--- Available data ---
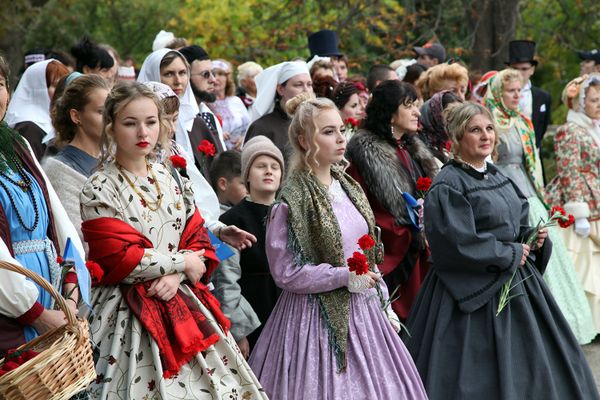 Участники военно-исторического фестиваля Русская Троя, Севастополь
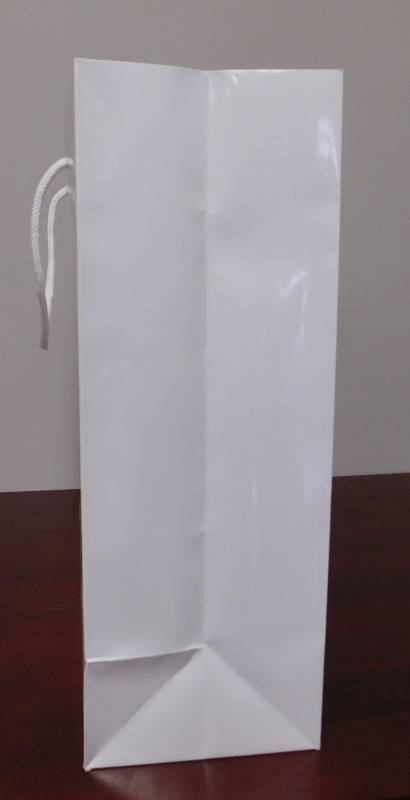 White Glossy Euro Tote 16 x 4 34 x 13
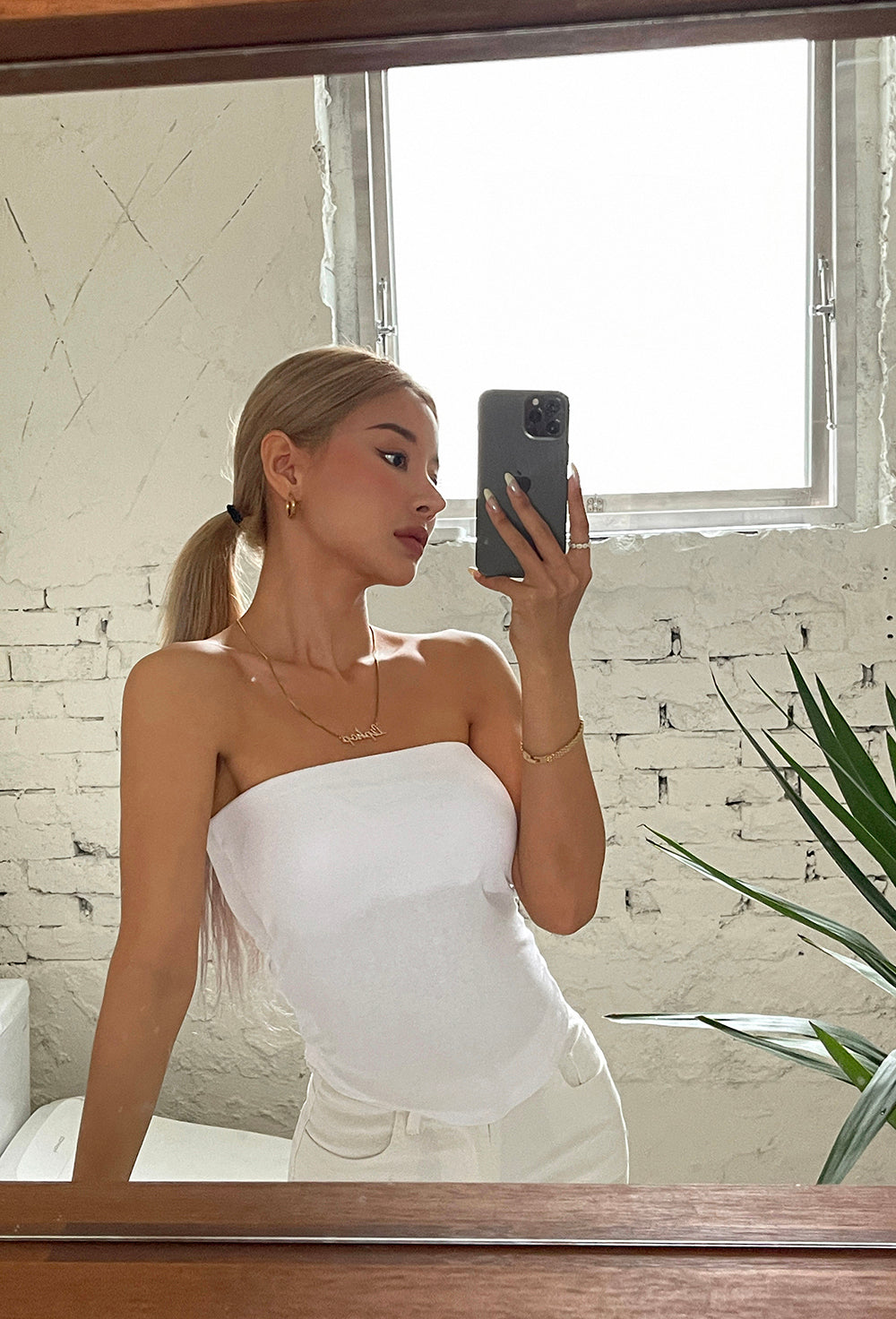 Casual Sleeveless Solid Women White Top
---
--- Available data ---
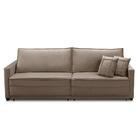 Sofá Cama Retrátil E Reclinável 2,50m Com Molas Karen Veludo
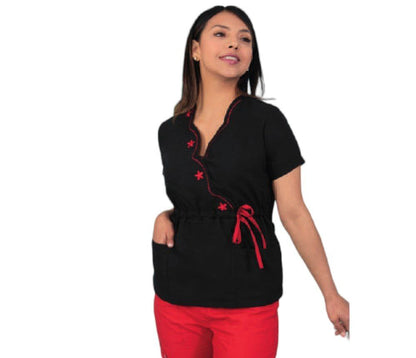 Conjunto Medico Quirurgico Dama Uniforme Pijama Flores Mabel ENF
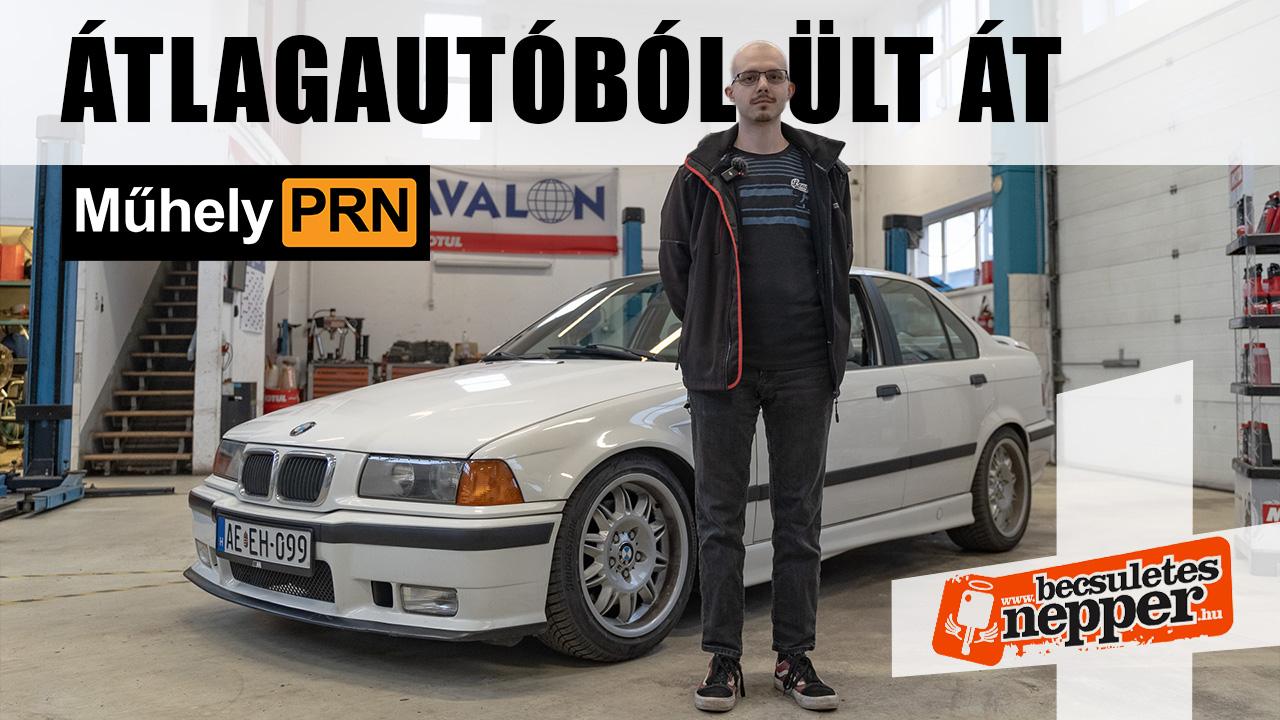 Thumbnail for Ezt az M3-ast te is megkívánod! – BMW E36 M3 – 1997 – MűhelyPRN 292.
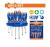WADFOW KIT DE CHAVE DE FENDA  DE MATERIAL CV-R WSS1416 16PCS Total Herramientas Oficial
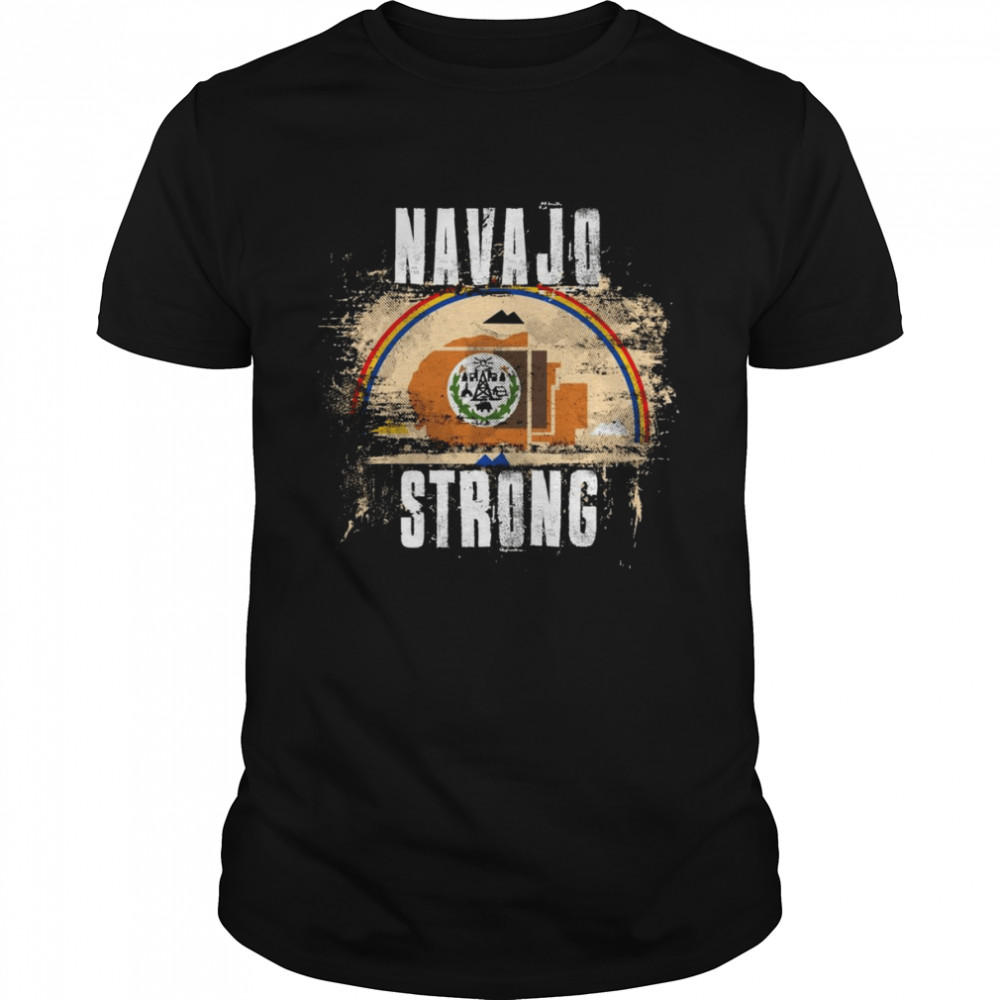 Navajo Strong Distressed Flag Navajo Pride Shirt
---
= Problem details =
Reproduce exactly the lines above starting at the line containing "Участники военно-исторического фестиваля" and ending at the line containing "Casual Sleeveless Solid Women White Top", including both, but not the pictures.

= Result below =
 Участники военно-исторического фестиваля Русская Троя, Севастополь
 White Glossy Euro Tote 16 x 4 34 x 13
 Casual Sleeveless Solid Women White Top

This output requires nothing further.